Форма варьировалась от приглушенного хаки британцев до фантастических плюмажей и перьев на громадных шляпах невоспетых героев Португалии. Нигде на земле, за исключением циркового парада-алле, нельзя было наблюдать такой пестроты медалей, как у награжденных победоносными правительствами Черногории и Сан-Марино.
Все они кричали, пили, фальшиво пели и старались забыть прошлое. Их нужно было либо принять целиком, либо с отвращением выйти. Я принял их и делал все предписанное по сценарию. Вздыхал о старых добрых временах с метрдотелем, который понимал, что я уже не могу оставлять ему щедрые чаевые. Раздавал автографы милым пожилым дамам, которые заходили в «Ритц», потому что им сказали, что в отеле много «бывших». Разговаривал с заезжими американскими репортерами, которые сочиняли мои ответы на их вопросы за несколько дней до встречи со мной. Кроме того, я выслушал немало безумных версий того, как можно покончить с большевиками. Их распространяли разочарованные персоны в ожидании друзей, которые опаздывали на встречи.
Почти каждую минуту я сталкивался с теми или иными парижскими знакомыми «из прошлой жизни», и меня приглашали на многочисленные коктейли и ужины.
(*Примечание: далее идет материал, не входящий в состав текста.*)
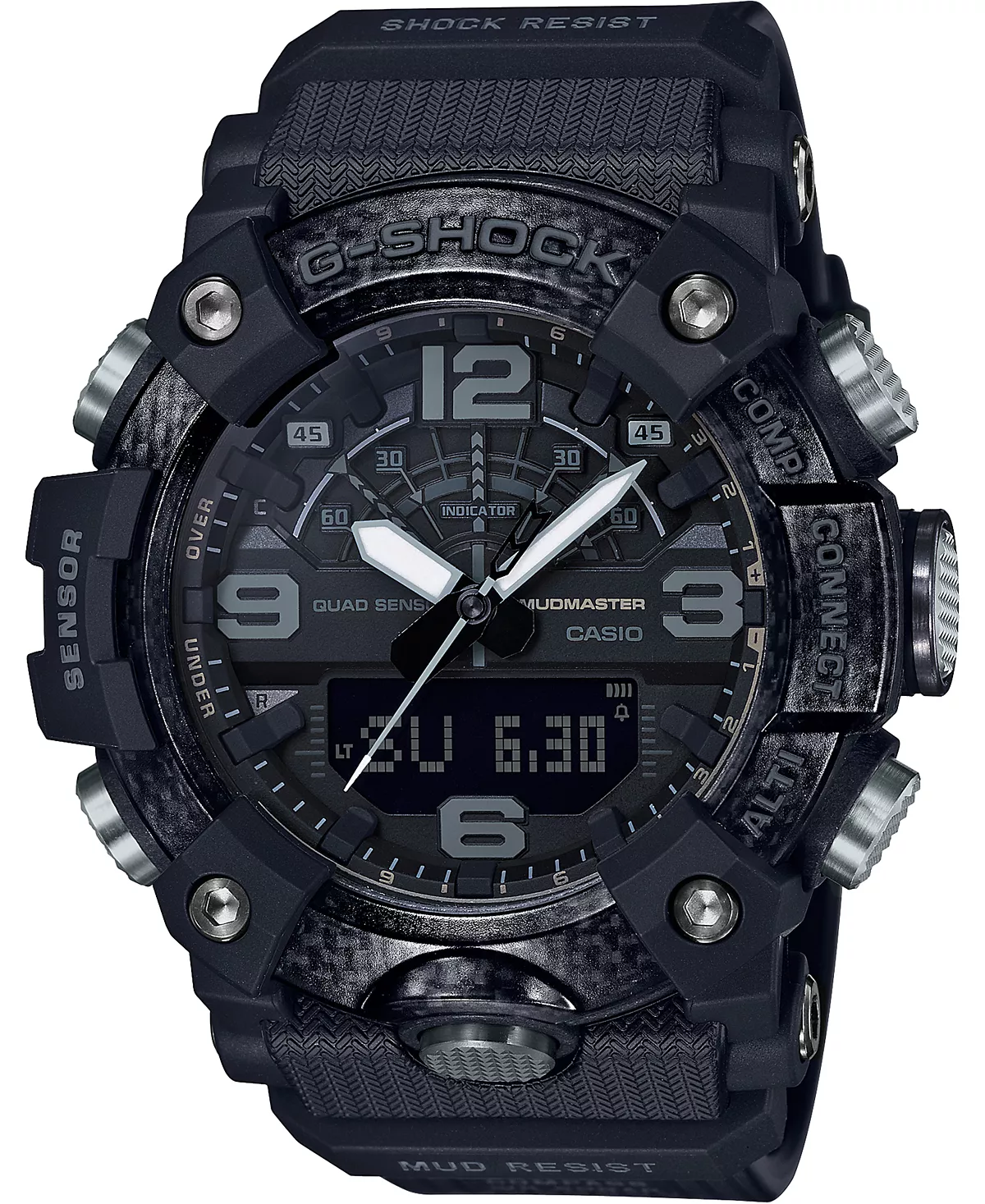 Мужские аналогово-цифровые часы G-Shock Mudmaster с черным ремешком из смолы, 53 мм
Прошедшие пять лет лишили наши отношения всякого смысла, но, видимо, им приятно было на следующее утро сообщить жене: «А еще я пригласил к нам того несчастного русского великого князя. Дорогая, ты только представь себе! Он потерял всех своих братьев и кузенов!»
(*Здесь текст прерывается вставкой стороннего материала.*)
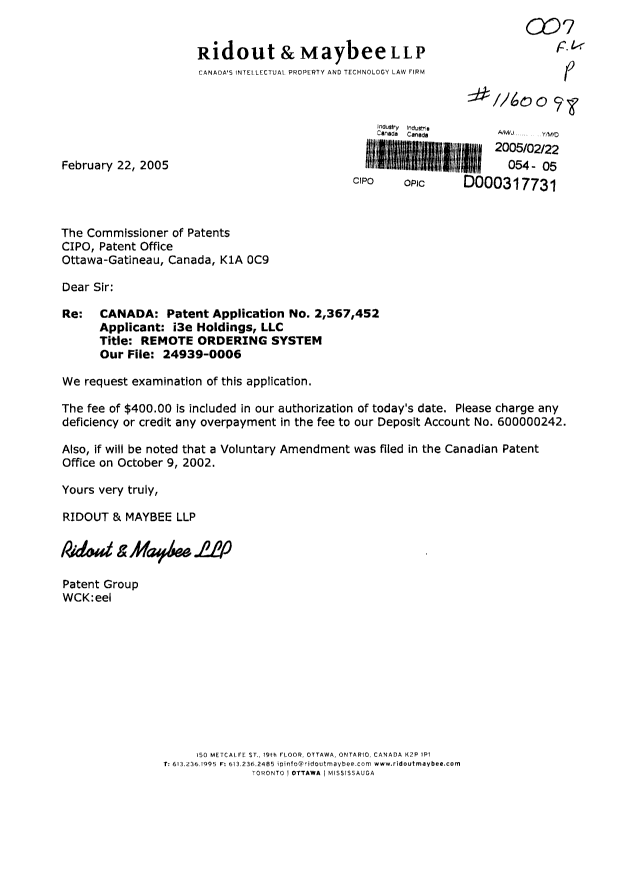 Canadian Patent Document 2367452. Prosecution-Amendment 20050222. Image 1 of 1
По правде говоря, вплоть до того времени – до середины января 1919 года – я сам не знал, потерял ли я всех родных и двоюродных братьев. С прошлой весны я не имел известий о моих родных братьях Николае Михайловиче и Георгии Михайловиче, которые сидели в тюрьме в Санкт-Петербурге. Я все еще надеялся, что моему самому младшему брату Сергею Михайловичу удалось избежать смерти в Сибири. Еще несколько представителей нашего прежде многочисленного клана как будто растворились бесследно. За годы революции я привык к тому, что, вопреки пословице, отсутствие новостей неизменно означает плохие новости.
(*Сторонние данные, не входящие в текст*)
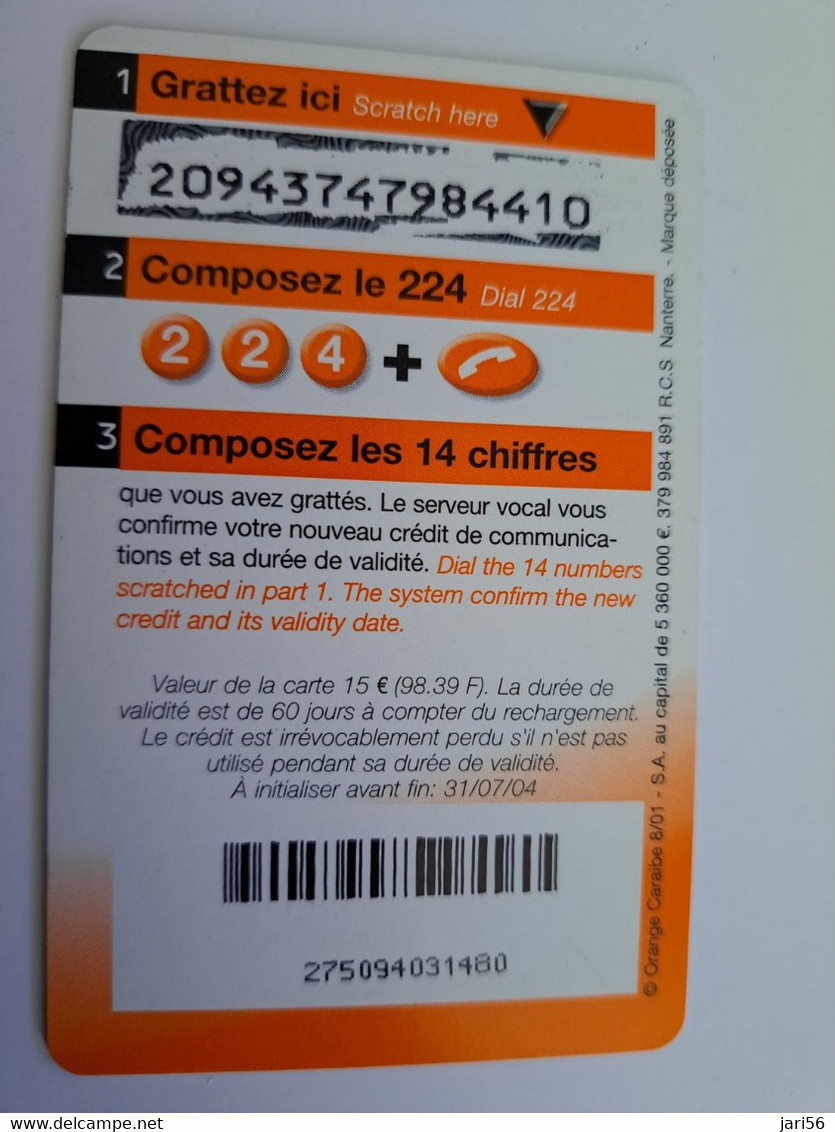 Phonecard St Martin French  ORANGE / 15 UNITS / DATE 31/07/04 USED  CARD   **11348  ** - Antillen (Frans)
Однажды утром – примерно на третьей неделе моего пребывания в Париже – сидя в пальмовом салоне, я увидел молодого британского офицера, чье лицо показалось мне очень знакомым. Несколько минут я наблюдал за ним, пытаясь вспомнить его имя, и вдруг с изумлением понял: передо мною не кто иной, как мой двоюродный племянник, великий князь Дмитрий Павлович, сын моего кузена Павла Александровича. Странно было видеть русского великого князя в форме другой страны, но спасенным не приходится выбирать: жизнью и великолепно сшитым мундиром цвета хаки Дмитрий был обязан «жестокой несправедливости» со стороны царя, поразившей его семью двумя годами ранее. За участие в убийстве Распутина царь сослал Дмитрия в Персию. Поэтому он не только избежал гнетущей атмосферы предреволюционного Санкт-Петербурга, но и уцелел. Большевики не убили его; он вступил в британскую армию, которая действовала в Месопотамии. В последний раз я видел его в декабре 1916 года, когда, замолвив за него слово перед Ники, посадил его в поезд, идущий на юг. Глядя на рослого и красивого молодого человека, я невольно улыбнулся, вспоминая о том, как тогда горевали его близкие. Если бы царь отнесся к нему снисходительно и прислушался к просьбам родственников не наказывать его, в январе 1919 года Дмитрий не находился бы в парижском «Ритце» и не наслаждался восхищенными женскими взглядами. Перед ним была вся жизнь.